What is expected – Using the listing below, set down exactly the lines from the one that contains "2017 Men T Shirts" through the one that contains "French Asymmetrical Crop", with no pictures.

─── Data excerpts ───

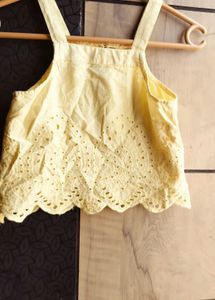 Cute Yellow Eyelet Crop Top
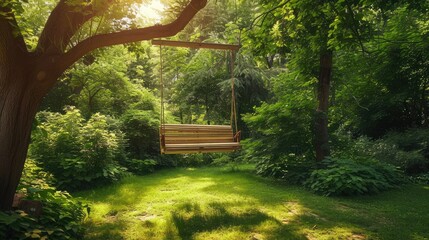 Swing bench in lush garden. Curved swing bench hanging from the bough of a tree in a lush garden with woodland backdrop for relaxing on hot summer days - Powered by Adobe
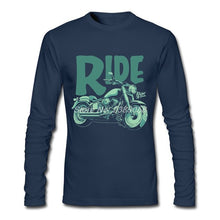 2017 Men T Shirts Motorcycle Fashion Print Ride t shirt Hip Hop Long Sleeve Man T Shirts 2XL
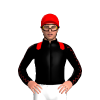 BLACK, RED EPAULETTES, BLACK SLEEVES WITH RED SEAMS, RED CAP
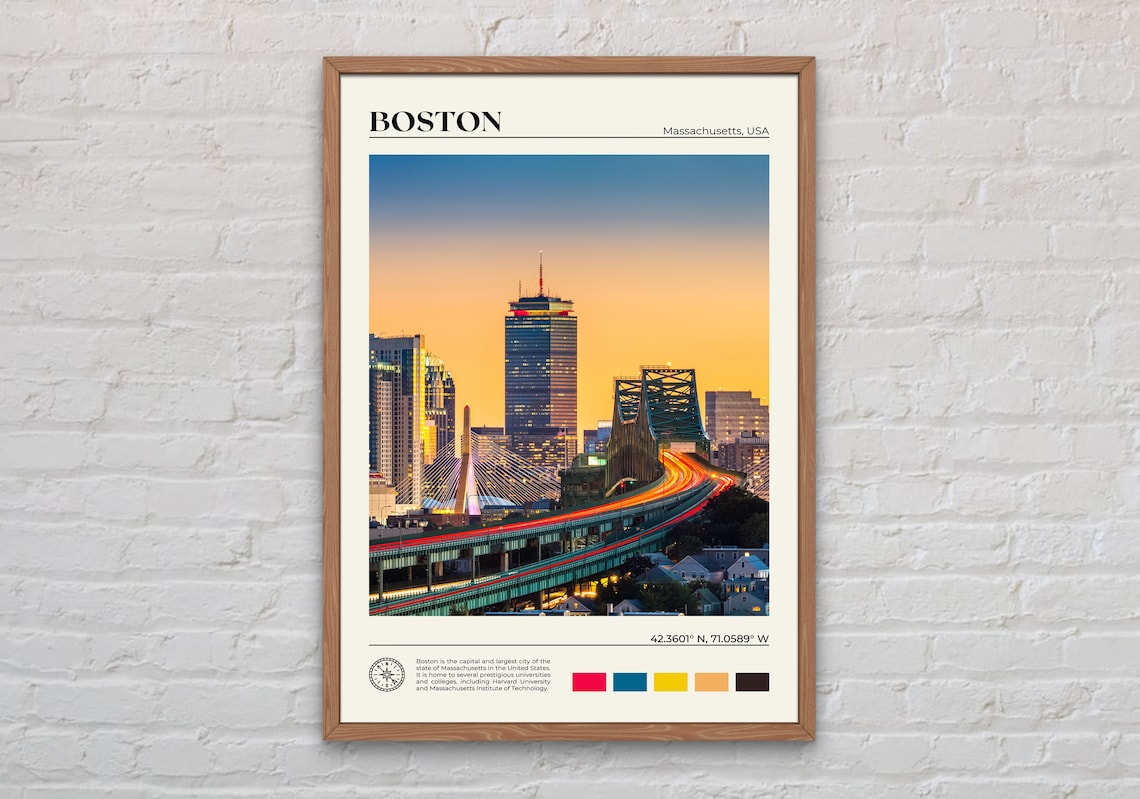 Boston Photo Travel Poster, Massachusetts Wall Art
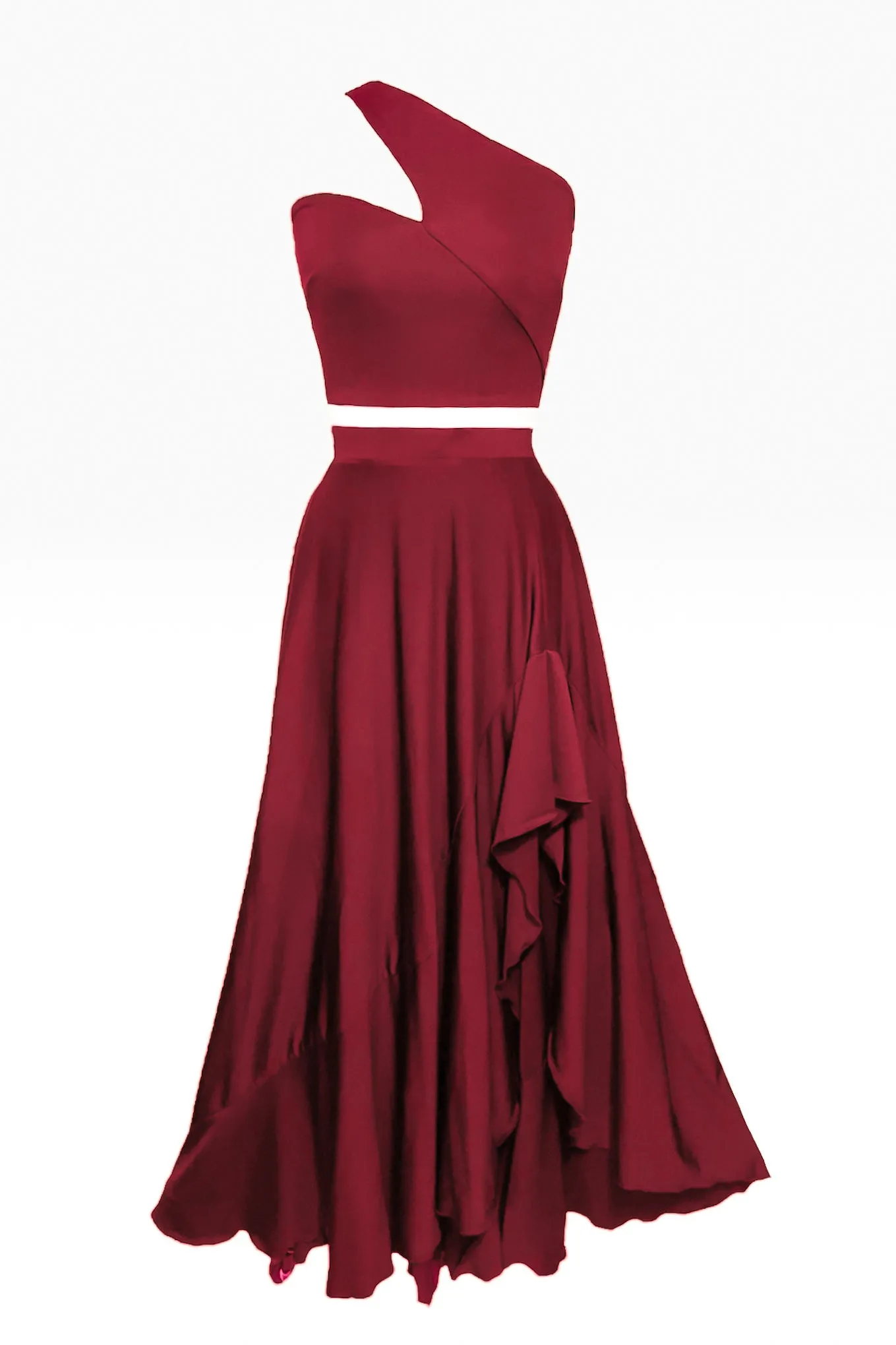 French Asymmetrical Crop Top & Maxi Skirt Set-CUSTOMIZED COLOR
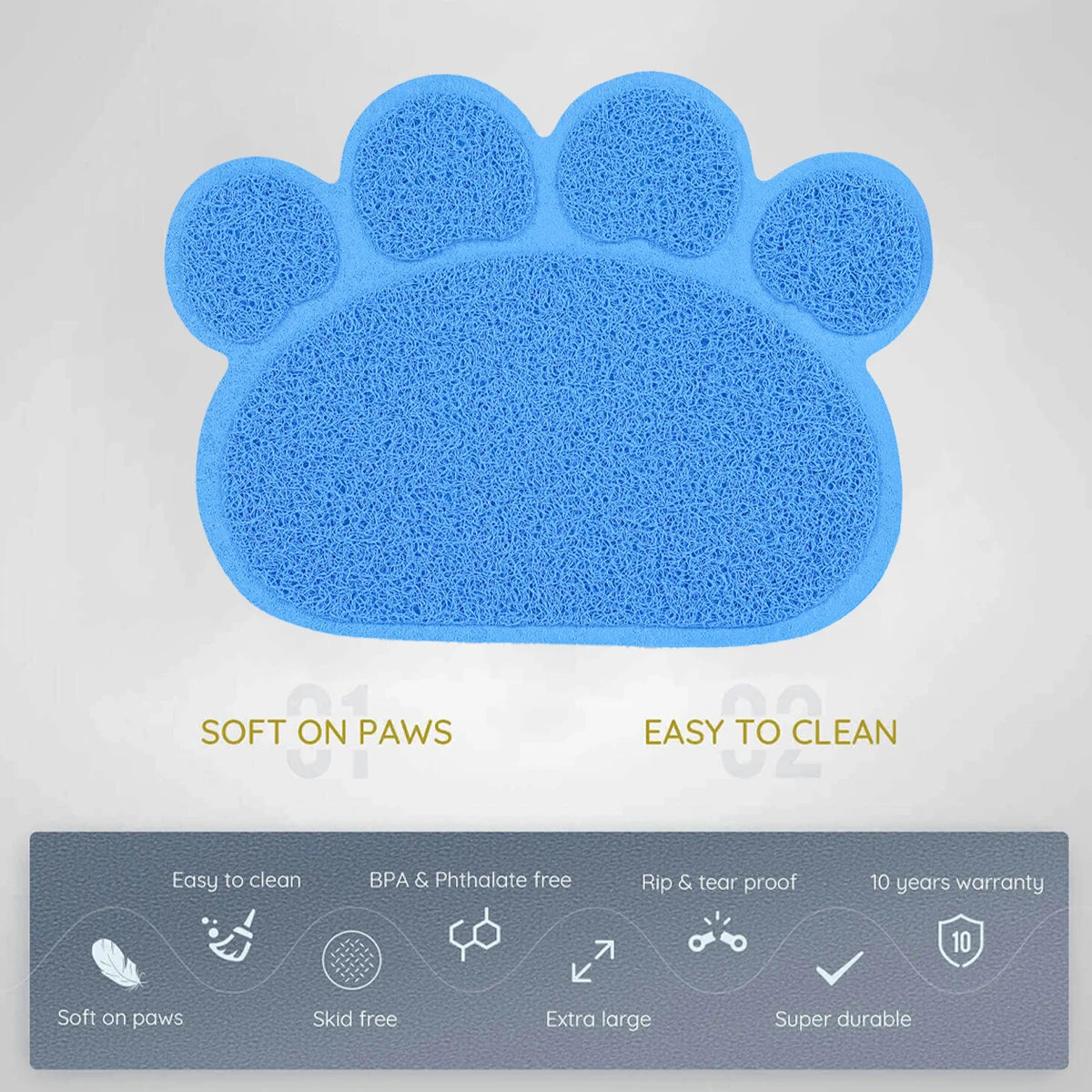 A cat claw shape waterproof pet cat and dog feeding mat, non-slip cat food mat, dog water bowl mat for indoor use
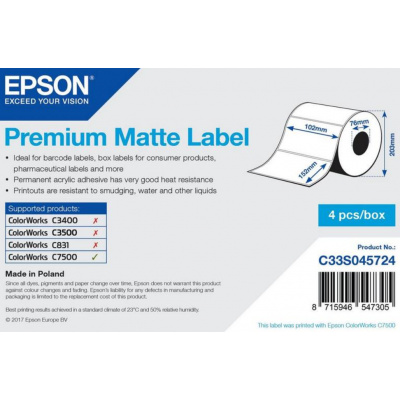 Epson C33S045724 Premium Matte, dla ColorWorks, 102x152mm, 800szt., biały etykiety samoprzylepne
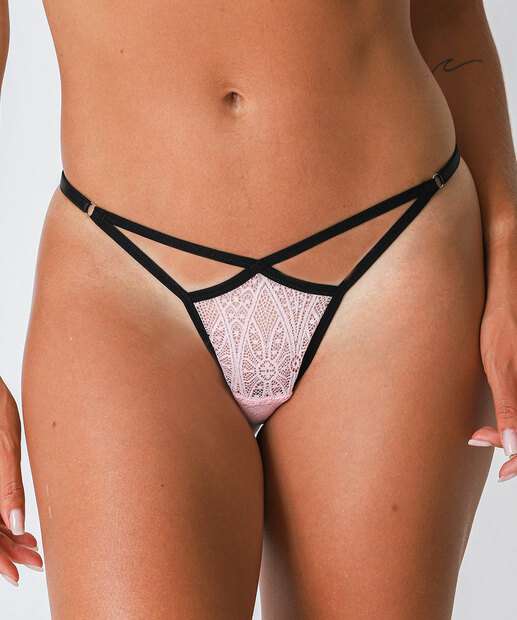 Calcinha String Fio Dental Renda Marisa Rosa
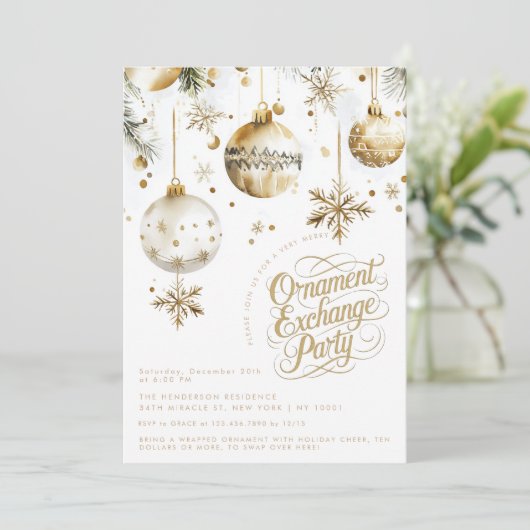 Invitation Élégant ornement or échange fête de Noël (Debout devant)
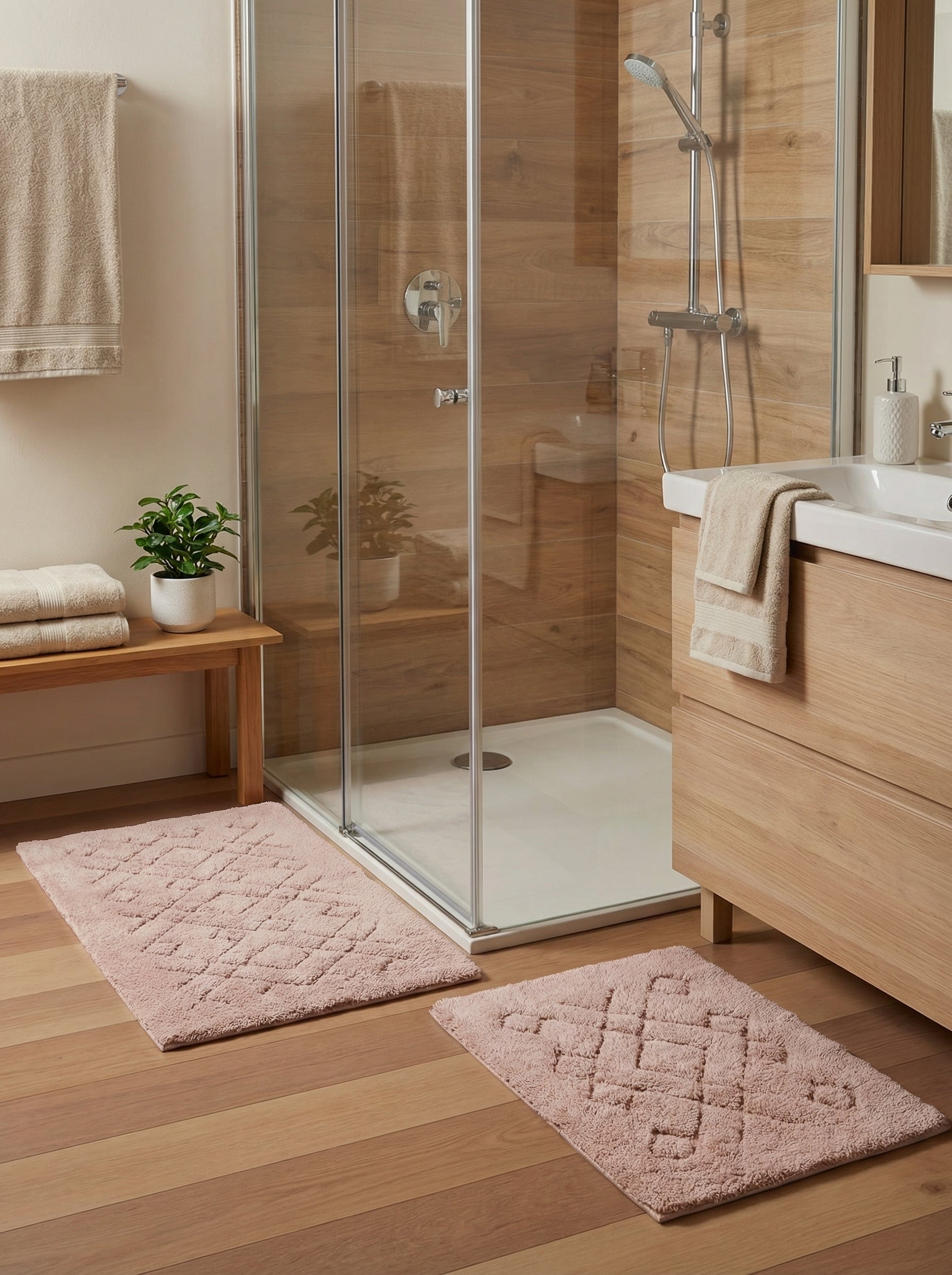 Deux tapis rose pâle moelleux à motifs géométriques en losanges sur un sol en bois clair dans une salle de bain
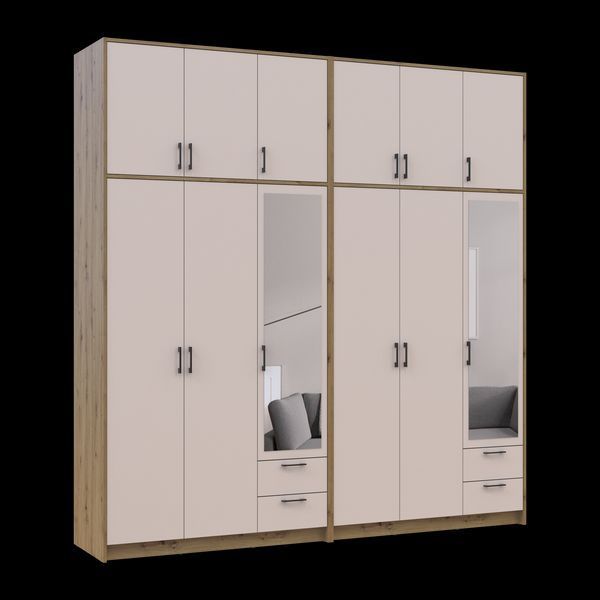 Шафа для одягу з дзеркалом та високою антресолею Doros Ронді Дуб Артізан/Кашемір 3+3 ДСП 242х52х260 (42005683) 42005683 фото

───

Task response –
 2017 Men T Shirts Motorcycle Fashion Print Ride t shirt Hip Hop Long Sleeve Man T Shirts 2XL
 BLACK, RED EPAULETTES, BLACK SLEEVES WITH RED SEAMS, RED CAP
 Boston Photo Travel Poster, Massachusetts Wall Art
 French Asymmetrical Crop Top & Maxi Skirt Set-CUSTOMIZED COLOR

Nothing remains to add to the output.